## [TASK GOAL]
All that is wanted is the lines from the first line of the listing below through the line containing "So by putting", written out exactly with pictures left out.

[Opening SUPPLIED DATA section]

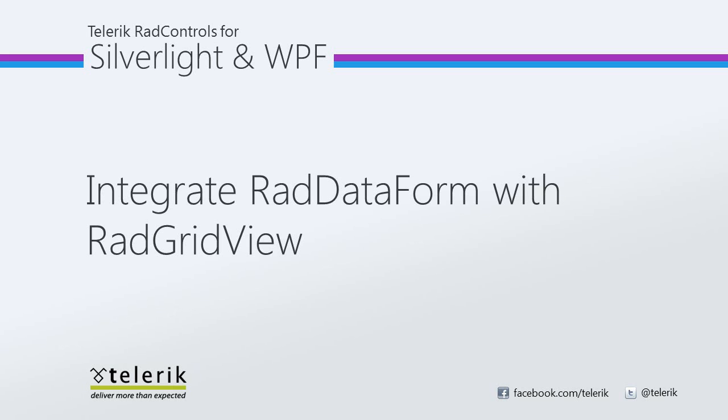Today we're going to take a look at integrating RAD DataForm with RAD GridView. RAD DataForm is part of Telerik's RAD controls for Silverlight WPF control suite for .NET XAML development. The RAD DataForm may be fully integrated with the RAD GridView control.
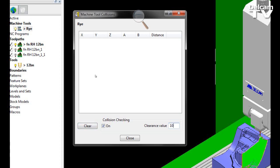So by putting in a clearance value of 10, I am telling PowerMill to check for any near-misses between a full collision and where the machine tool passes within 10mm of a collision.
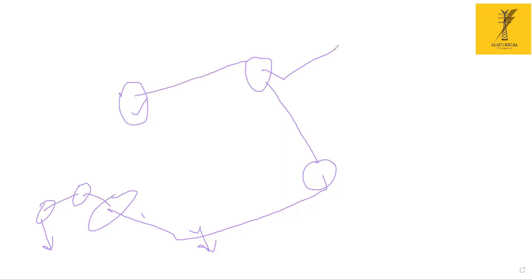I will show you in ETAP how it works, but the concept is the same. When we are doing that load flow analysis and short circuit analysis in ETAP, similarly they are also doing it, but the network is larger there. We are doing this exercise with a small network.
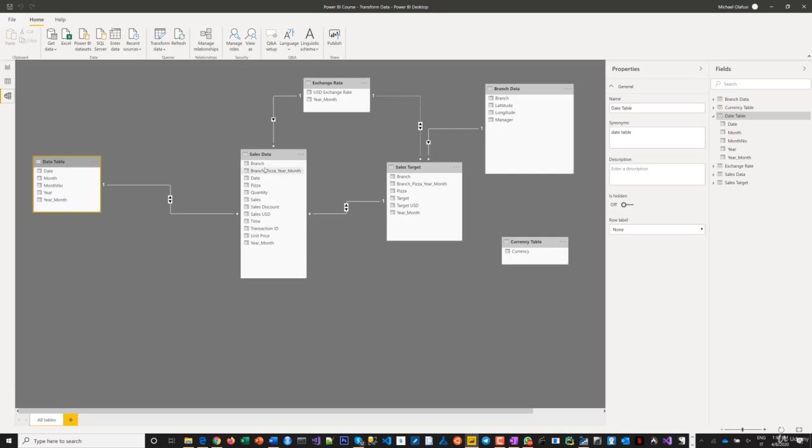If I pick branch from here, branch from here can talk to this, can talk to this. But unfortunately, you cannot talk to branch data here. Because this cannot talk back here. Similarly, if I pick branch here, I can talk to this, can talk to this. There's no branch here anyway. Can talk to this. But you can't talk back here.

[Closing SUPPLIED DATA section]

## [SOLUTION FOR THIS TASK]
Today we're going to take a look at integrating RAD DataForm with RAD GridView. RAD DataForm is part of Telerik's RAD controls for Silverlight WPF control suite for .NET XAML development. The RAD DataForm may be fully integrated with the RAD GridView control.
So by putting in a clearance value of 10, I am telling PowerMill to check for any near-misses between a full collision and where the machine tool passes within 10mm of a collision.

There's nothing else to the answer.